The Fall of the Ancient Mythology Movie Genre
Unfortunately for mythology fans, it does not seem so. Ancient mythology movies have not fared that well lately since 300 offered a truly fresh perspective on big screen adaptation – and it was tellingly based on a graphic novel, so we have Frank Miller to thank for most of the mesmerizing visuals. By contrast, its slightly underwhelming but enjoyable sequel in 2014 did not quite live up to the original. Just in 2016 Guy Ritchie tried to tap into British mythology by taking on King Arthur in his own unique “lad” way, but left audiences, critics – and our own writers – divided.
Before Ritchie, 2010 film Clash of the Titans which works around the Ancient Greek myth of Perseus managed to get a quite disappointing 28% rating on Rotten Tomatoes despite its star-studded cast (all hail Liam Neeson as Zeus!) and its 2012 sequel, Wrath of the Titans, did not manage to wow us either. This is probably why 2018 does not yet see any great ancient mythology movies lined up. The only valiant effort is set to hit not the big screen, but Netflix, as the streaming titan partnered up with BBC to produce a series based on the war between Ancient Greeks and Trojans that is chronicled in Homer’s Iliad. Troy: Fall of a City is rumored to be epic and will hopefully provide crowds with a much-needed shot of ancient mythology cinematography – but that’s about it.

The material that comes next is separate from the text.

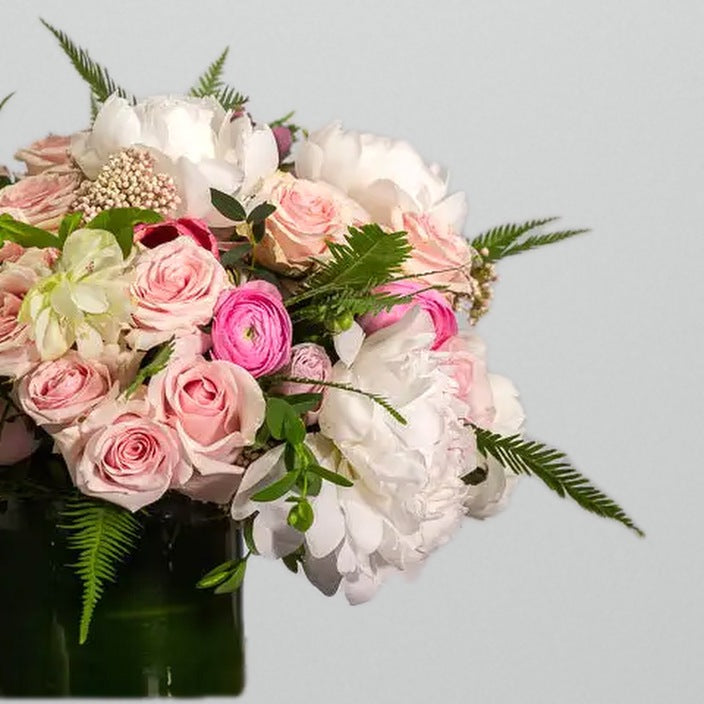 White peony and pink rose flower arrangement in glass vase for birthday with same-day delivery in Beverly Hills and Los Angeles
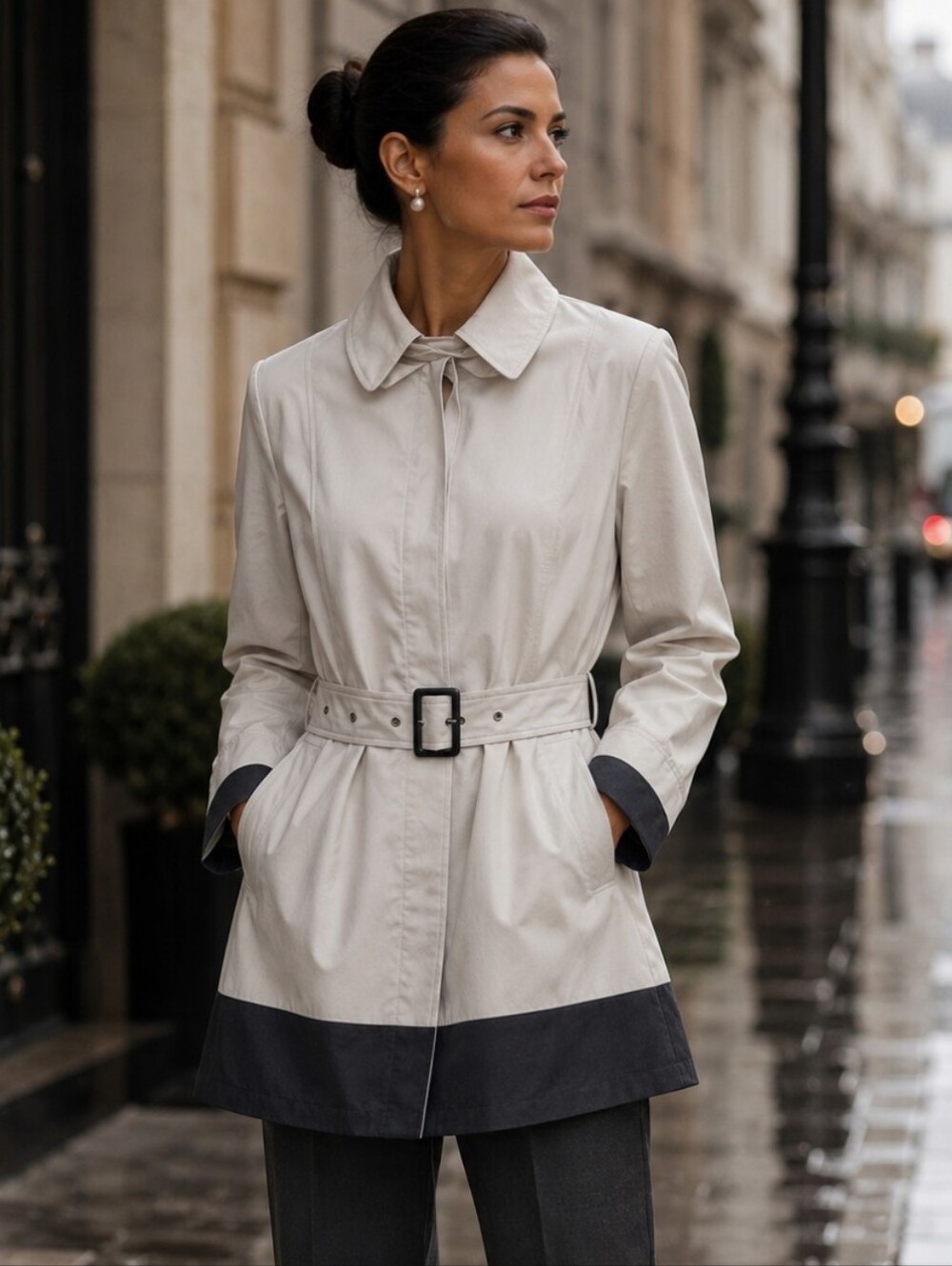 JODHPUR Belted Colorblock Raincoat Trench Coat Cream Black Preppy Equestrian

2018: The Age of Superheroes
Superheroes on the other hand are in for a wild ride in 2018, as several instalments are set for release, including the hugely anticipated Avengers: Infinity War that will hopefully finally tie in all loose ends and bring literally every hero on the MCU together in the battle against Thanos – from Captain America to Dr Strange to the one and only Starlord (who?). Before that, Black Panther will be released in February, with – finally! – a POC as the central superhero and a 90% African or African-American cast, one of the most eagerly awaited superhero movies of 2018 along with Ryan Reynold’s Deadpool 2.
Along with Deadpool, Aquaman, Venom, and Ant-Man and the Wasp, will all get to see their individual (or in the latter case, duo) movies out this year while the X-Men are set to have their latest instalment, Dark Phoenix, out on November 2nd. The movie will probably revolve around Sophie Turner’s Jean Grey and it will certainly be interesting to see how the post-Logan X-Men universe looks like… Then 2019 will see the return of Spiderman, Wonder Woman and several other fan favorites.
Perhaps the most definitive proof that the future belongs to superheroes is that Marvel allegedly has movies planned in the MCU that take its schedule well into 2020. Yet as no one would have thought this genre resurrection possible before Iron Man, perhaps we have not seen the last of ancient mythology movies just yet. Hang in there!